The current TRANS_START ioctl is problematic when the volume fills up
because a process can get ENOSPC on any operation that's supoosed to be
"contained" within its transaction without any prior warning. This
defines a new ioctl, TRANS_RESV_START, that checks and sets aside space
for the entire transaction, so that the process will get ENOSPC right
away.
The bytes_ioctl_trans_reserved is only checked and adjusted by the
TRANS_RESV_START ioctl; any write()s that follow will be allowed to use
up that reserved space.
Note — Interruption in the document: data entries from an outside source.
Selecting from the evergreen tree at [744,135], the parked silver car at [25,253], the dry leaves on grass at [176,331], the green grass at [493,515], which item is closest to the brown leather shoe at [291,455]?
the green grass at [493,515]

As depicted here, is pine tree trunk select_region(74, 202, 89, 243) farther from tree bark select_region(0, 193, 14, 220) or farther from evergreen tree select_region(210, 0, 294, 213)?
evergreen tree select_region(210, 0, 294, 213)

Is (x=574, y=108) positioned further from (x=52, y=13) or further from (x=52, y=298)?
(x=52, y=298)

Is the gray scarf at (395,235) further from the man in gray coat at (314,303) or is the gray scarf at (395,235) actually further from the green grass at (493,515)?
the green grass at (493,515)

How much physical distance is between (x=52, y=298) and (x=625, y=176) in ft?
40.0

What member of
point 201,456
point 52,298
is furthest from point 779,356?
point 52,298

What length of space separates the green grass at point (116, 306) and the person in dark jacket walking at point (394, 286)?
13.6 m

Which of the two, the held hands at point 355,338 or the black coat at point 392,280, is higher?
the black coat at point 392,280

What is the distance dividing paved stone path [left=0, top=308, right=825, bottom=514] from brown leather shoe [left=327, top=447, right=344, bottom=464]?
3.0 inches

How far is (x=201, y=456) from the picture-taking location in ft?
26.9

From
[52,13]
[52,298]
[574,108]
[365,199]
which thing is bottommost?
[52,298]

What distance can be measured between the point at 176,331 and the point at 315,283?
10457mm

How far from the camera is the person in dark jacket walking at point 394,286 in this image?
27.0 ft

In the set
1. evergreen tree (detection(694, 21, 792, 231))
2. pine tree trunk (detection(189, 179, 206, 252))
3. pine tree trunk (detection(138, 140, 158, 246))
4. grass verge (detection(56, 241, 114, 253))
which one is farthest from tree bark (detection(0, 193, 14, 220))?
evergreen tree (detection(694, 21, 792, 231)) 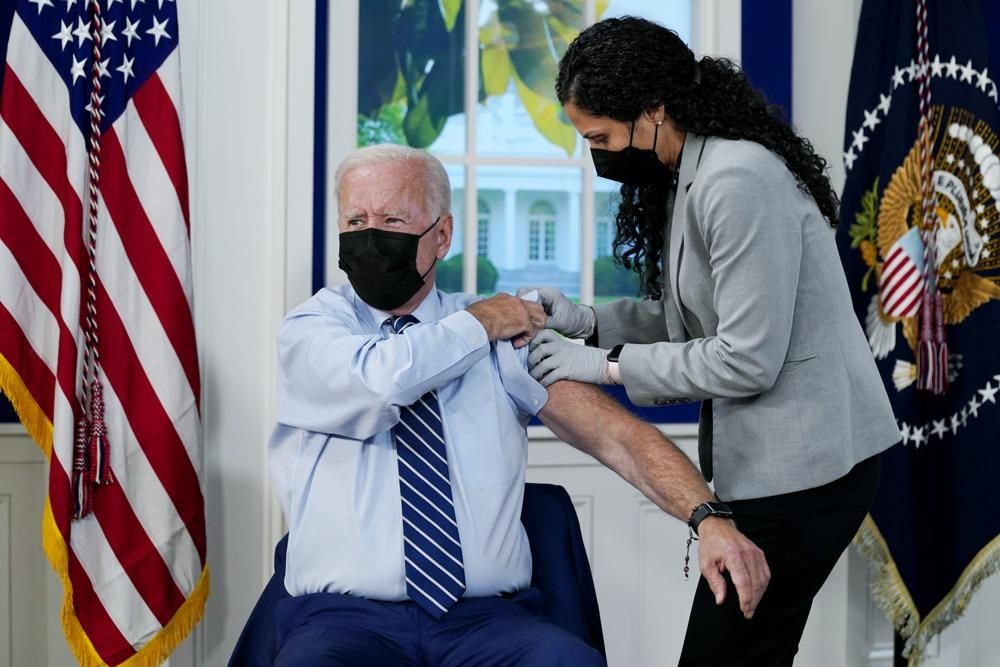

This is clearly imperfect (a mixture of an
ioctl transaction workload and a regular workload will violate the
reservations), but unavoidable with the current user transaction approach
because we don't know whether any given operation is contained by a
user transaction or not.
Signed-off-by: Sage Weil <sage@xxxxxxxxxxxx>
---
fs/btrfs/ctree.h | 7 ++++
fs/btrfs/extent-tree.c | 59 +++++++++++++++++++++++++++++--
fs/btrfs/ioctl.c | 92 +++++++++++++++++++++++++++++++++++++++++++----
fs/btrfs/ioctl.h | 6 +++
4 files changed, 153 insertions(+), 11 deletions(-)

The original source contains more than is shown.